* **ASSIGNED TASK**
Leaving out the pictures, restate each record below word for word.
++++ DATA ++++
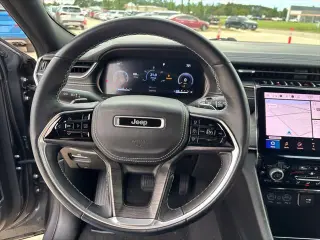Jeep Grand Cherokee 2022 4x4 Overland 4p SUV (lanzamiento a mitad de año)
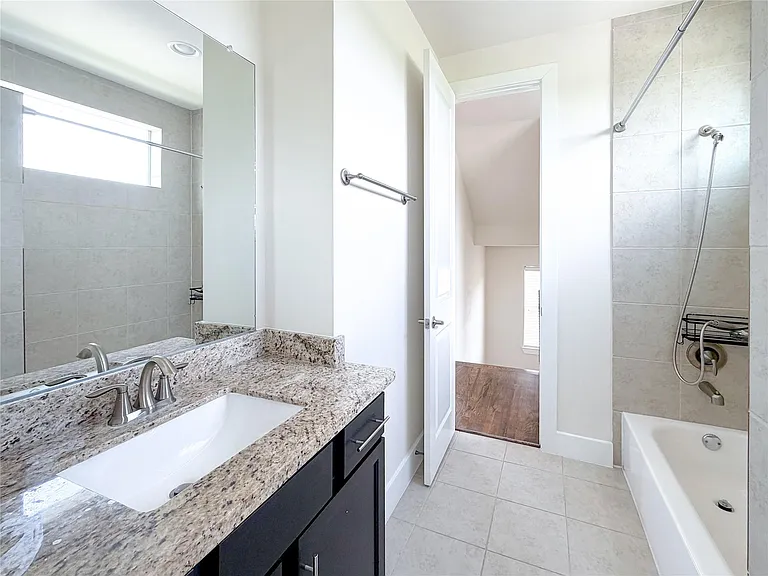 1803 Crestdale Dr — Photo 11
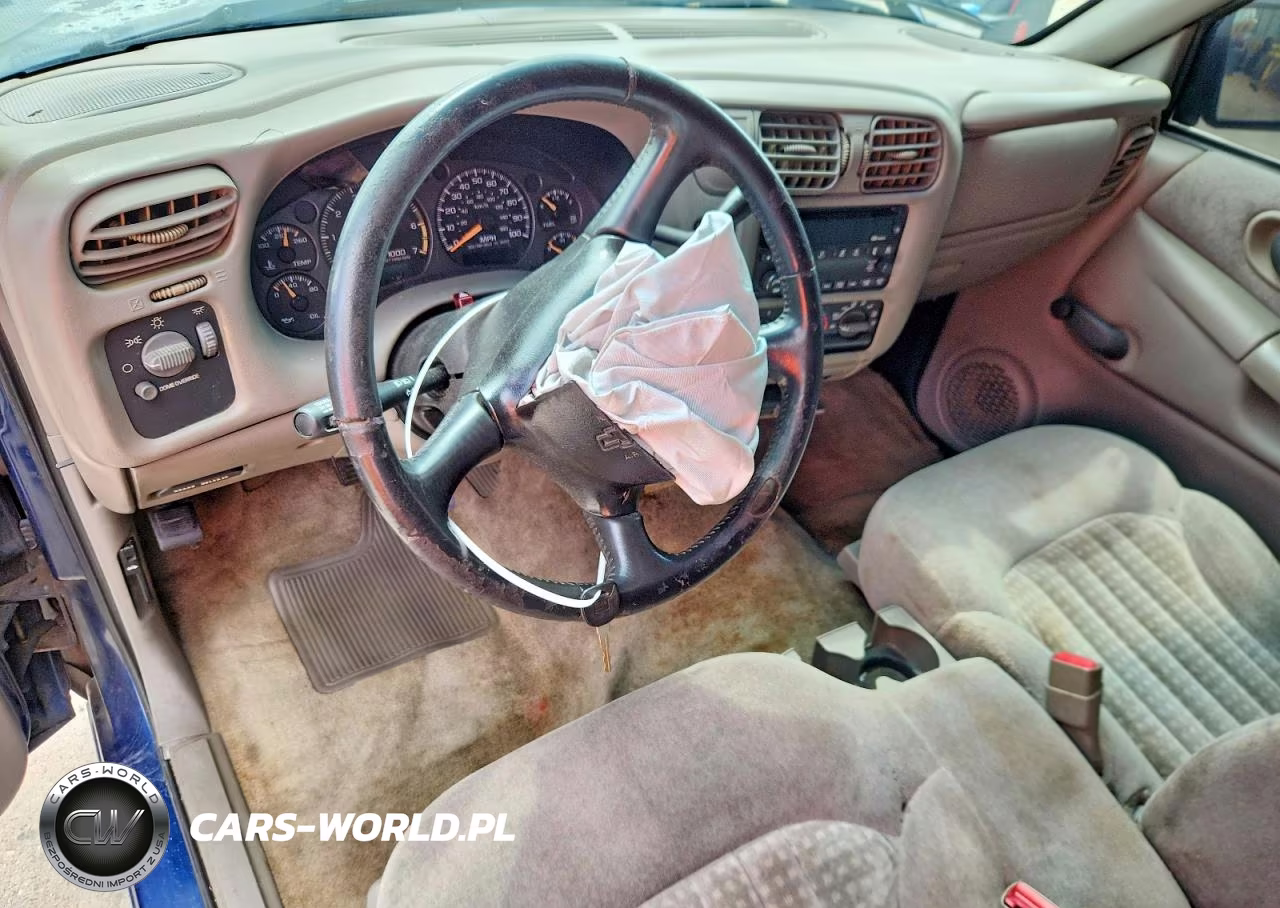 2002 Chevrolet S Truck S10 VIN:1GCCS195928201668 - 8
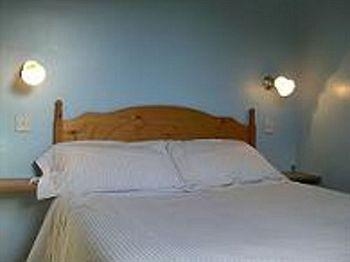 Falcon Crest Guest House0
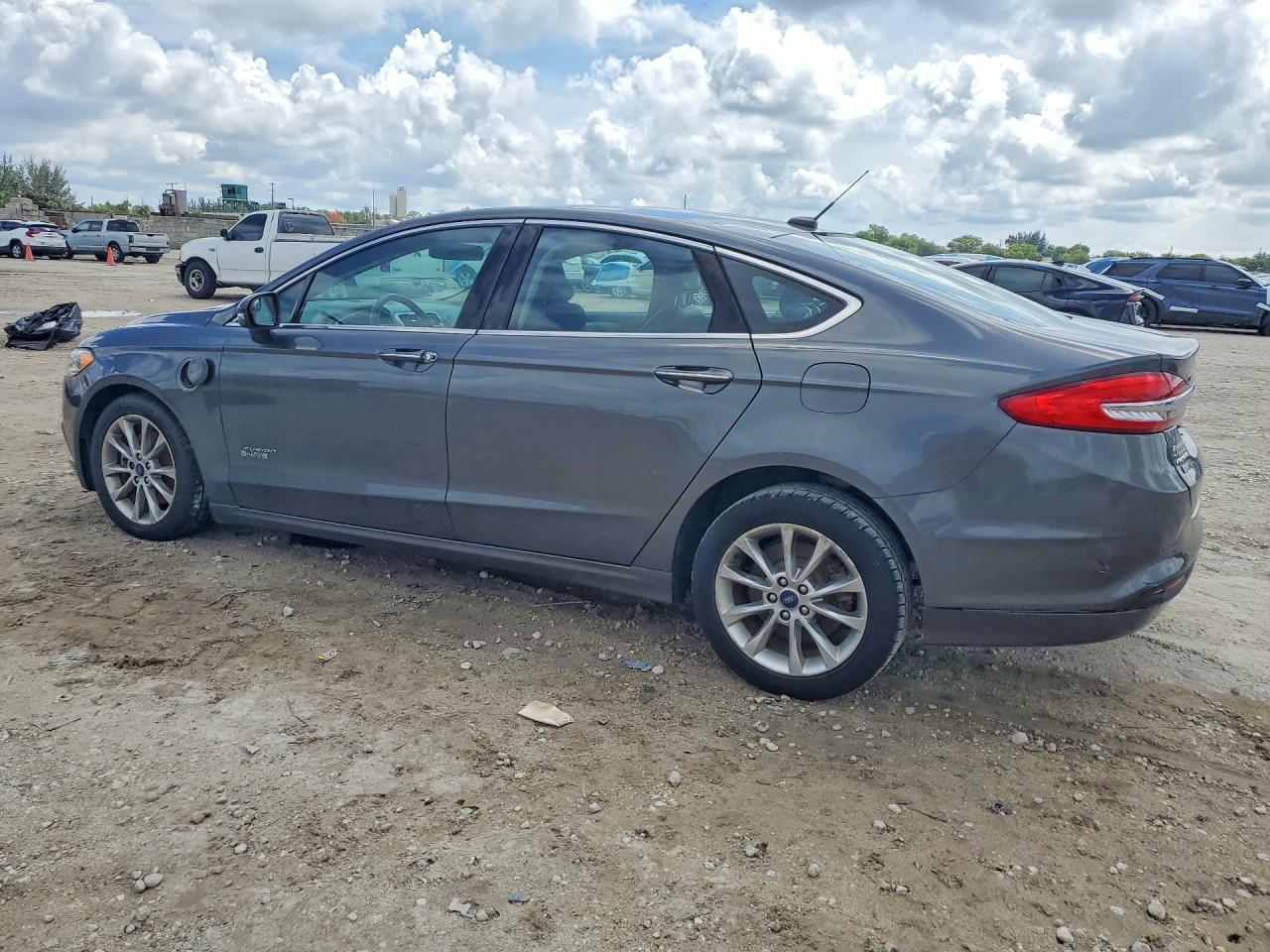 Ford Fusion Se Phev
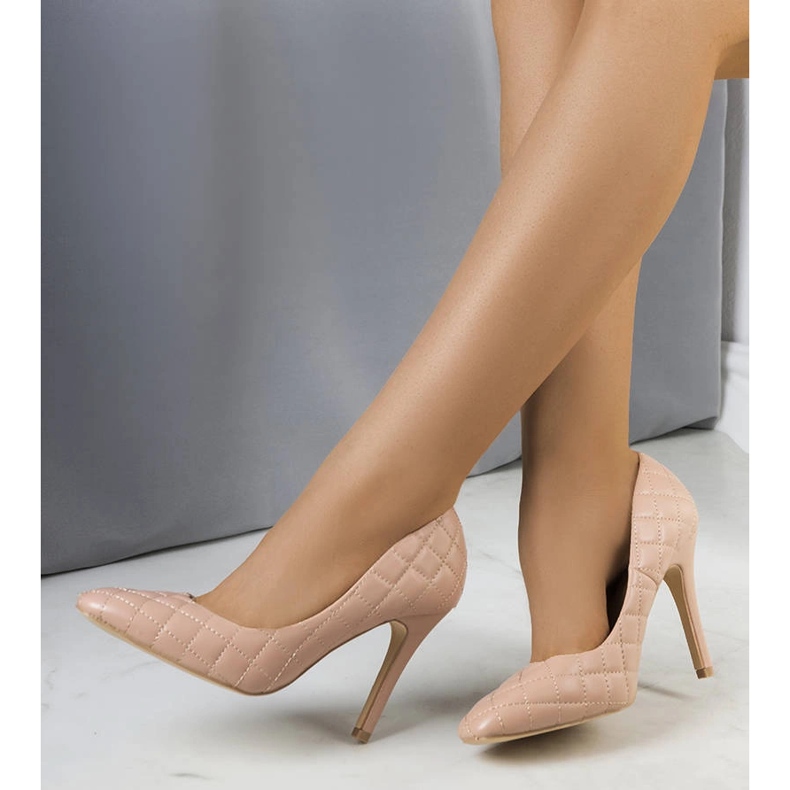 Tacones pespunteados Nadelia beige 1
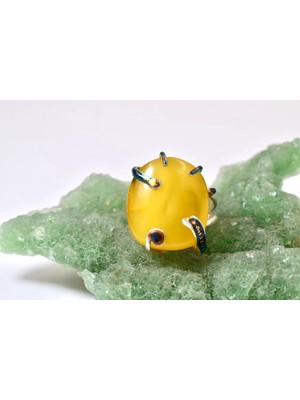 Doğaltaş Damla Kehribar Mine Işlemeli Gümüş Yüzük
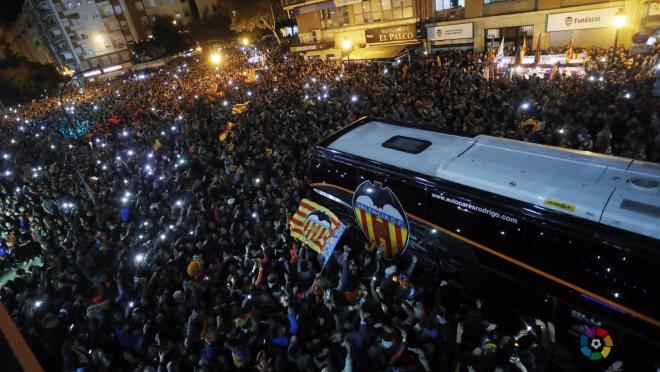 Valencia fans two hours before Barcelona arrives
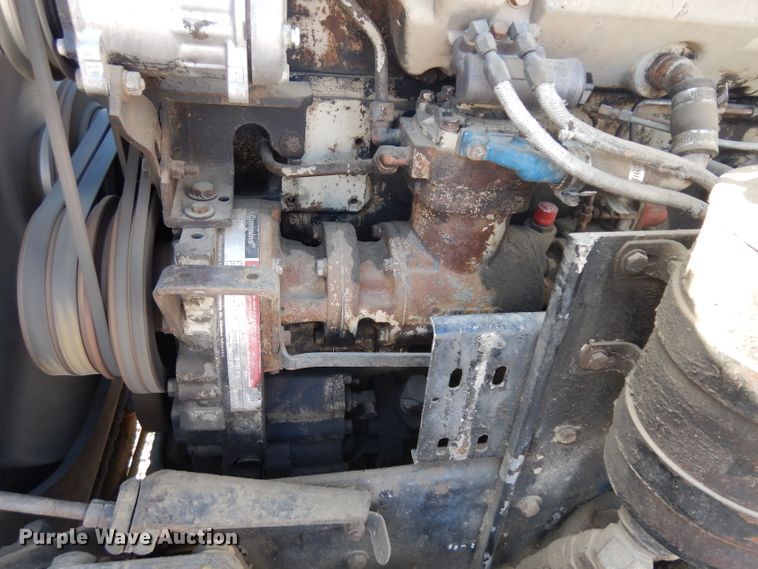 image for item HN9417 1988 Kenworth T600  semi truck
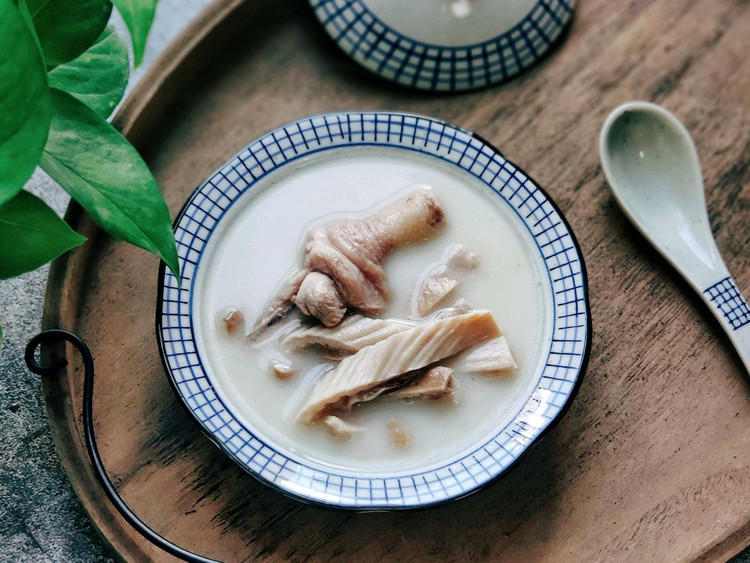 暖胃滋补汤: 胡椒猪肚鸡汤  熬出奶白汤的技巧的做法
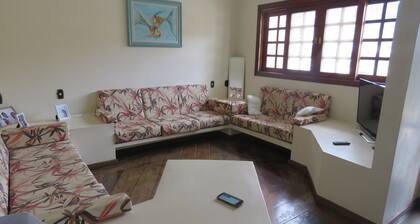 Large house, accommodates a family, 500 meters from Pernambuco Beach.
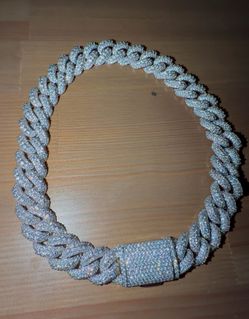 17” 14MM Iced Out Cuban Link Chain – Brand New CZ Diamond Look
++++
* **EXERCISE RESPONSE**
Jeep Grand Cherokee 2022 4x4 Overland 4p SUV (lanzamiento a mitad de año)
 1803 Crestdale Dr — Photo 11
 2002 Chevrolet S Truck S10 VIN:1GCCS195928201668 - 8
 Falcon Crest Guest House0
 Ford Fusion Se Phev
 Tacones pespunteados Nadelia beige 1
 Doğaltaş Damla Kehribar Mine Işlemeli Gümüş Yüzük
 Valencia fans two hours before Barcelona arrives
 image for item HN9417 1988 Kenworth T600  semi truck
 暖胃滋补汤: 胡椒猪肚鸡汤  熬出奶白汤的技巧的做法
 Large house, accommodates a family, 500 meters from Pernambuco Beach.
 17” 14MM Iced Out Cuban Link Chain – Brand New CZ Diamond Look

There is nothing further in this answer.